I recently had the pleasure of the debugging a black-screen system hang that occurred after applying security updates and rebooting. After ruling out any “low-hanging fruit” such as deadlocks on executive resources, resource depletion, etc., I decided to survey how far along the boot had gotten.
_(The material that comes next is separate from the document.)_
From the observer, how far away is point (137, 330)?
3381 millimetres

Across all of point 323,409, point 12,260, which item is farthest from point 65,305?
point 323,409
In the output below we can tell that it’s fairly early in the boot process and that session zero is currently being setup.

When a new session is created, the “Session Leader”(i.e. smss.exe instance not associated with a particular session) launches a new instance of smss.exe, who is then tasked with ensuring that the Windows subsystem gets setup properly, which includes loading and initializing win32k.sys and launching csrss.exe.

3: kd> !process 0 0

**** NT ACTIVE PROCESS DUMP ****

PROCESS 8e282840 SessionId: none Cid: 0004 Peb: 00000000 ParentCid: 0000

DirBase: 00122000 ObjectTable: 97801e18 HandleCount: 554.

Image: System

PROCESS 94153ad8 SessionId: none Cid: 0390 Peb: 7ffdf000 ParentCid: 0004

DirBase: 03368020 ObjectTable: a13564f0 HandleCount: 19.

Image: smss.exe

PROCESS 92a55d90 SessionId: 0 Cid: 03c8 Peb: 7ffd9000 ParentCid: 0390

DirBase: 03368040 ObjectTable: a95606e0 HandleCount: 10.

Image: smss.exe

PROCESS 92a56c48 SessionId: 0 Cid: 03d4 Peb: 7ffd9000 ParentCid: 03c8

DirBase: 03368060 ObjectTable: a959ea28 HandleCount: 30.

Image: csrss.exe

So let’s dump out the threads for these session zero processes and see what they’re doing:

1. Notice how the Session Manager thread has been waiting for more than fifteen minutes for the Windows subsystem to load and initialize.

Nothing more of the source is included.